GOAL OF THE EXERCISE: Each record below should be repeated precisely as written.

DATA PROVIDED:
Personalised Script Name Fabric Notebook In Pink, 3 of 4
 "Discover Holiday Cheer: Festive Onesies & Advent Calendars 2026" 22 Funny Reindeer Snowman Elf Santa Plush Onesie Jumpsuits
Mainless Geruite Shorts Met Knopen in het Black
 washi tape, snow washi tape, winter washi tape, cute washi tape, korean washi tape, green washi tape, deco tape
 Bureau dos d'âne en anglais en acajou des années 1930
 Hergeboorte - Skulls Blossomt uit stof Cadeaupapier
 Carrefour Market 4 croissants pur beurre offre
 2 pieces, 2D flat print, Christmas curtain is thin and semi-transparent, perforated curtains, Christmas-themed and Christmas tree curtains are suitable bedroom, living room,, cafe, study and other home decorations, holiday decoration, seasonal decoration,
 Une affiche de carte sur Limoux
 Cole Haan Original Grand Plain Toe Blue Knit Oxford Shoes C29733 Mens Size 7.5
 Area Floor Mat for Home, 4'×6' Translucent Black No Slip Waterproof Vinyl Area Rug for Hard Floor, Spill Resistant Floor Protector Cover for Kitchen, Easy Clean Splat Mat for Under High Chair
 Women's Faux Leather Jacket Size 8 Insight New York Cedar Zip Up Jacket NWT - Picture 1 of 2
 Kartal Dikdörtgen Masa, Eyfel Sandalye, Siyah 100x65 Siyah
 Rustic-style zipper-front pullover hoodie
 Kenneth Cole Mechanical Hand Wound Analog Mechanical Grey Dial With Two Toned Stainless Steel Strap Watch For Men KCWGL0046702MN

WRITTEN RESPONSE:
Personalised Script Name Fabric Notebook In Pink, 3 of 4
 "Discover Holiday Cheer: Festive Onesies & Advent Calendars 2026" 22 Funny Reindeer Snowman Elf Santa Plush Onesie Jumpsuits
Mainless Geruite Shorts Met Knopen in het Black
 washi tape, snow washi tape, winter washi tape, cute washi tape, korean washi tape, green washi tape, deco tape
 Bureau dos d'âne en anglais en acajou des années 1930
 Hergeboorte - Skulls Blossomt uit stof Cadeaupapier
 Carrefour Market 4 croissants pur beurre offre
 2 pieces, 2D flat print, Christmas curtain is thin and semi-transparent, perforated curtains, Christmas-themed and Christmas tree curtains are suitable bedroom, living room,, cafe, study and other home decorations, holiday decoration, seasonal decoration,
 Une affiche de carte sur Limoux
 Cole Haan Original Grand Plain Toe Blue Knit Oxford Shoes C29733 Mens Size 7.5
 Area Floor Mat for Home, 4'×6' Translucent Black No Slip Waterproof Vinyl Area Rug for Hard Floor, Spill Resistant Floor Protector Cover for Kitchen, Easy Clean Splat Mat for Under High Chair
 Women's Faux Leather Jacket Size 8 Insight New York Cedar Zip Up Jacket NWT - Picture 1 of 2
 Kartal Dikdörtgen Masa, Eyfel Sandalye, Siyah 100x65 Siyah
 Rustic-style zipper-front pullover hoodie
 Kenneth Cole Mechanical Hand Wound Analog Mechanical Grey Dial With Two Toned Stainless Steel Strap Watch For Men KCWGL0046702MN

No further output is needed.